All lines of the listing below must be reproduced character for character.

★ ★ ★ ★

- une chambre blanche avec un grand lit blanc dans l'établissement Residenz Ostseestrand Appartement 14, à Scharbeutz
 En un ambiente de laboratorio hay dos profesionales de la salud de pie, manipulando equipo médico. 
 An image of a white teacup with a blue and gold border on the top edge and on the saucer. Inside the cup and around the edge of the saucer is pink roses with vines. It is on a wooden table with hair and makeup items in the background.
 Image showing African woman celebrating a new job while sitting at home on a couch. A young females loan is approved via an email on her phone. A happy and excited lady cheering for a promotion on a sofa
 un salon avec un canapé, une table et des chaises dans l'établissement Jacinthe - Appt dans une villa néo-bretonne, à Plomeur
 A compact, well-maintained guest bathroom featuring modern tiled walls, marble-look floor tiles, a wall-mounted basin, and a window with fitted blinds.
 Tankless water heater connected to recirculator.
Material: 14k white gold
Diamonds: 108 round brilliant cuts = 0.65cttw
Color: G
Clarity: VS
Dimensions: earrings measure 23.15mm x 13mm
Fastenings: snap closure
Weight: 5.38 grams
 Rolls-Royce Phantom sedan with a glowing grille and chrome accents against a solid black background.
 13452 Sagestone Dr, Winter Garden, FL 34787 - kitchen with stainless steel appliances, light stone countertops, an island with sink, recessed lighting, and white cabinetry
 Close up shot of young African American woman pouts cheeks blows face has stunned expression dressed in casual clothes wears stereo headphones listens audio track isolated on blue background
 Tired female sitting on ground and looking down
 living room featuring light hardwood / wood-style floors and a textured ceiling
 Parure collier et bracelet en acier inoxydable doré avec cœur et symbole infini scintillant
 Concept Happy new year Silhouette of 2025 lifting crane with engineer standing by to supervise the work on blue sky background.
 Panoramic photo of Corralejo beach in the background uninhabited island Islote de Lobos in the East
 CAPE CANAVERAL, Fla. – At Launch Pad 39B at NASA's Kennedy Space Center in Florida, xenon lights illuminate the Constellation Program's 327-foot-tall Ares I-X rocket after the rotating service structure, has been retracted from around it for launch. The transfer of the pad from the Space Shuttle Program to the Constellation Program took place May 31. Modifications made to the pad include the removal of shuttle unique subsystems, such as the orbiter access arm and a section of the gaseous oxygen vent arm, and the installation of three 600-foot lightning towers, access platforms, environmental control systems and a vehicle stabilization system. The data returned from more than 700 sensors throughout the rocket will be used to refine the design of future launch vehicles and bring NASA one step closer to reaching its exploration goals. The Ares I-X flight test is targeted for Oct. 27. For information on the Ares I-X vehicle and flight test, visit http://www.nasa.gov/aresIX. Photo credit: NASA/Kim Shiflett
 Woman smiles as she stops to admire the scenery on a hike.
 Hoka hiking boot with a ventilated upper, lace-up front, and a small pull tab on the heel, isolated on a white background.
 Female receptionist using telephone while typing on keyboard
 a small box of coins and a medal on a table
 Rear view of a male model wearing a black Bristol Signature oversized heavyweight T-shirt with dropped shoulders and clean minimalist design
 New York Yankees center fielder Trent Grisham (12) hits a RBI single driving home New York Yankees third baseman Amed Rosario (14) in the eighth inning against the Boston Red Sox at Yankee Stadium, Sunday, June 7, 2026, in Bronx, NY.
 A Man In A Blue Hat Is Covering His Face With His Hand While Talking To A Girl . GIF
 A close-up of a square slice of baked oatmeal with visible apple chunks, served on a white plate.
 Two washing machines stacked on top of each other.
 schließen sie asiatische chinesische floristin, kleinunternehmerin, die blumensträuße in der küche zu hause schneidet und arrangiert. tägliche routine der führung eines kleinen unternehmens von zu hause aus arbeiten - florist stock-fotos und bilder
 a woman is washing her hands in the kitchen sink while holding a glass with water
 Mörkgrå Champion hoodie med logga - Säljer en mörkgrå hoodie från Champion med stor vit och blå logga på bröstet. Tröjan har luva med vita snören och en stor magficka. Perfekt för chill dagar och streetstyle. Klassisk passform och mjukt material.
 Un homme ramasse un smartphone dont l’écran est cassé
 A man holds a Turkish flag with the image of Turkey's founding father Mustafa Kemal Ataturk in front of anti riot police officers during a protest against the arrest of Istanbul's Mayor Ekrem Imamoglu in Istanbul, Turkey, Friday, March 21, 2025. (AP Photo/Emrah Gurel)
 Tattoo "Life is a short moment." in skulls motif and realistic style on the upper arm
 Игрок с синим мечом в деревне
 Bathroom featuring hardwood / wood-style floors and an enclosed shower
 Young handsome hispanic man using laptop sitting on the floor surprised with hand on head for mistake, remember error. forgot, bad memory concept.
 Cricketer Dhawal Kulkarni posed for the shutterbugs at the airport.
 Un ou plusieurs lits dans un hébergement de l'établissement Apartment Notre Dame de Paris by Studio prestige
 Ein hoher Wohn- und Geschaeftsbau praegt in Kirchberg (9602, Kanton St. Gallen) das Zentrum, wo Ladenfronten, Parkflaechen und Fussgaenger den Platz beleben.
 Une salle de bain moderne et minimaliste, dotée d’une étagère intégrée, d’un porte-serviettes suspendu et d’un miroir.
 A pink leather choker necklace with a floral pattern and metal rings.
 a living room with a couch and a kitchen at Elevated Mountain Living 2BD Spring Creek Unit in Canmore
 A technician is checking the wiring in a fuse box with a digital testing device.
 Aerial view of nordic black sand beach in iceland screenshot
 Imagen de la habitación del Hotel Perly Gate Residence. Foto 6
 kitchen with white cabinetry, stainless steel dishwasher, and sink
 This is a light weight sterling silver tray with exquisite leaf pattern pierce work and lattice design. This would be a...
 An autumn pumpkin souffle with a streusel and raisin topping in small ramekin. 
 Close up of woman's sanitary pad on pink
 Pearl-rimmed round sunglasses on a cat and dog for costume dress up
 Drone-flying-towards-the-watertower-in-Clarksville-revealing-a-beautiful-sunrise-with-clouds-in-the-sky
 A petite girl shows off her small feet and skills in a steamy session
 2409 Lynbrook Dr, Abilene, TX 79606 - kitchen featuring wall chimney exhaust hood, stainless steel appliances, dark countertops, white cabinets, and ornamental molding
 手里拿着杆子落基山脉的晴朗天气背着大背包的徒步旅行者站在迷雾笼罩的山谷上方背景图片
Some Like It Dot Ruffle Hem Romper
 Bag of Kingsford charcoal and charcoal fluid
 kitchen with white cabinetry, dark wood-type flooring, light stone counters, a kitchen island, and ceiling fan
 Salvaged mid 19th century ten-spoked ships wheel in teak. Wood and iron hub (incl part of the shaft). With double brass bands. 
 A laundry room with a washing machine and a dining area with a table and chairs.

★ ★ ★ ★

* **Reply**
- une chambre blanche avec un grand lit blanc dans l'établissement Residenz Ostseestrand Appartement 14, à Scharbeutz
 En un ambiente de laboratorio hay dos profesionales de la salud de pie, manipulando equipo médico. 
 An image of a white teacup with a blue and gold border on the top edge and on the saucer. Inside the cup and around the edge of the saucer is pink roses with vines. It is on a wooden table with hair and makeup items in the background.
 Image showing African woman celebrating a new job while sitting at home on a couch. A young females loan is approved via an email on her phone. A happy and excited lady cheering for a promotion on a sofa
 un salon avec un canapé, une table et des chaises dans l'établissement Jacinthe - Appt dans une villa néo-bretonne, à Plomeur
 A compact, well-maintained guest bathroom featuring modern tiled walls, marble-look floor tiles, a wall-mounted basin, and a window with fitted blinds.
 Tankless water heater connected to recirculator.
Material: 14k white gold
Diamonds: 108 round brilliant cuts = 0.65cttw
Color: G
Clarity: VS
Dimensions: earrings measure 23.15mm x 13mm
Fastenings: snap closure
Weight: 5.38 grams
 Rolls-Royce Phantom sedan with a glowing grille and chrome accents against a solid black background.
 13452 Sagestone Dr, Winter Garden, FL 34787 - kitchen with stainless steel appliances, light stone countertops, an island with sink, recessed lighting, and white cabinetry
 Close up shot of young African American woman pouts cheeks blows face has stunned expression dressed in casual clothes wears stereo headphones listens audio track isolated on blue background
 Tired female sitting on ground and looking down
 living room featuring light hardwood / wood-style floors and a textured ceiling
 Parure collier et bracelet en acier inoxydable doré avec cœur et symbole infini scintillant
 Concept Happy new year Silhouette of 2025 lifting crane with engineer standing by to supervise the work on blue sky background.
 Panoramic photo of Corralejo beach in the background uninhabited island Islote de Lobos in the East
 CAPE CANAVERAL, Fla. – At Launch Pad 39B at NASA's Kennedy Space Center in Florida, xenon lights illuminate the Constellation Program's 327-foot-tall Ares I-X rocket after the rotating service structure, has been retracted from around it for launch. The transfer of the pad from the Space Shuttle Program to the Constellation Program took place May 31. Modifications made to the pad include the removal of shuttle unique subsystems, such as the orbiter access arm and a section of the gaseous oxygen vent arm, and the installation of three 600-foot lightning towers, access platforms, environmental control systems and a vehicle stabilization system. The data returned from more than 700 sensors throughout the rocket will be used to refine the design of future launch vehicles and bring NASA one step closer to reaching its exploration goals. The Ares I-X flight test is targeted for Oct. 27. For information on the Ares I-X vehicle and flight test, visit http://www.nasa.gov/aresIX. Photo credit: NASA/Kim Shiflett
 Woman smiles as she stops to admire the scenery on a hike.
 Hoka hiking boot with a ventilated upper, lace-up front, and a small pull tab on the heel, isolated on a white background.
 Female receptionist using telephone while typing on keyboard
 a small box of coins and a medal on a table
 Rear view of a male model wearing a black Bristol Signature oversized heavyweight T-shirt with dropped shoulders and clean minimalist design
 New York Yankees center fielder Trent Grisham (12) hits a RBI single driving home New York Yankees third baseman Amed Rosario (14) in the eighth inning against the Boston Red Sox at Yankee Stadium, Sunday, June 7, 2026, in Bronx, NY.
 A Man In A Blue Hat Is Covering His Face With His Hand While Talking To A Girl . GIF
 A close-up of a square slice of baked oatmeal with visible apple chunks, served on a white plate.
 Two washing machines stacked on top of each other.
 schließen sie asiatische chinesische floristin, kleinunternehmerin, die blumensträuße in der küche zu hause schneidet und arrangiert. tägliche routine der führung eines kleinen unternehmens von zu hause aus arbeiten - florist stock-fotos und bilder
 a woman is washing her hands in the kitchen sink while holding a glass with water
 Mörkgrå Champion hoodie med logga - Säljer en mörkgrå hoodie från Champion med stor vit och blå logga på bröstet. Tröjan har luva med vita snören och en stor magficka. Perfekt för chill dagar och streetstyle. Klassisk passform och mjukt material.
 Un homme ramasse un smartphone dont l’écran est cassé
 A man holds a Turkish flag with the image of Turkey's founding father Mustafa Kemal Ataturk in front of anti riot police officers during a protest against the arrest of Istanbul's Mayor Ekrem Imamoglu in Istanbul, Turkey, Friday, March 21, 2025. (AP Photo/Emrah Gurel)
 Tattoo "Life is a short moment." in skulls motif and realistic style on the upper arm
 Игрок с синим мечом в деревне
 Bathroom featuring hardwood / wood-style floors and an enclosed shower
 Young handsome hispanic man using laptop sitting on the floor surprised with hand on head for mistake, remember error. forgot, bad memory concept.
 Cricketer Dhawal Kulkarni posed for the shutterbugs at the airport.
 Un ou plusieurs lits dans un hébergement de l'établissement Apartment Notre Dame de Paris by Studio prestige
 Ein hoher Wohn- und Geschaeftsbau praegt in Kirchberg (9602, Kanton St. Gallen) das Zentrum, wo Ladenfronten, Parkflaechen und Fussgaenger den Platz beleben.
 Une salle de bain moderne et minimaliste, dotée d’une étagère intégrée, d’un porte-serviettes suspendu et d’un miroir.
 A pink leather choker necklace with a floral pattern and metal rings.
 a living room with a couch and a kitchen at Elevated Mountain Living 2BD Spring Creek Unit in Canmore
 A technician is checking the wiring in a fuse box with a digital testing device.
 Aerial view of nordic black sand beach in iceland screenshot
 Imagen de la habitación del Hotel Perly Gate Residence. Foto 6
 kitchen with white cabinetry, stainless steel dishwasher, and sink
 This is a light weight sterling silver tray with exquisite leaf pattern pierce work and lattice design. This would be a...
 An autumn pumpkin souffle with a streusel and raisin topping in small ramekin. 
 Close up of woman's sanitary pad on pink
 Pearl-rimmed round sunglasses on a cat and dog for costume dress up
 Drone-flying-towards-the-watertower-in-Clarksville-revealing-a-beautiful-sunrise-with-clouds-in-the-sky
 A petite girl shows off her small feet and skills in a steamy session
 2409 Lynbrook Dr, Abilene, TX 79606 - kitchen featuring wall chimney exhaust hood, stainless steel appliances, dark countertops, white cabinets, and ornamental molding
 手里拿着杆子落基山脉的晴朗天气背着大背包的徒步旅行者站在迷雾笼罩的山谷上方背景图片
Some Like It Dot Ruffle Hem Romper
 Bag of Kingsford charcoal and charcoal fluid
 kitchen with white cabinetry, dark wood-type flooring, light stone counters, a kitchen island, and ceiling fan
 Salvaged mid 19th century ten-spoked ships wheel in teak. Wood and iron hub (incl part of the shaft). With double brass bands. 
 A laundry room with a washing machine and a dining area with a table and chairs.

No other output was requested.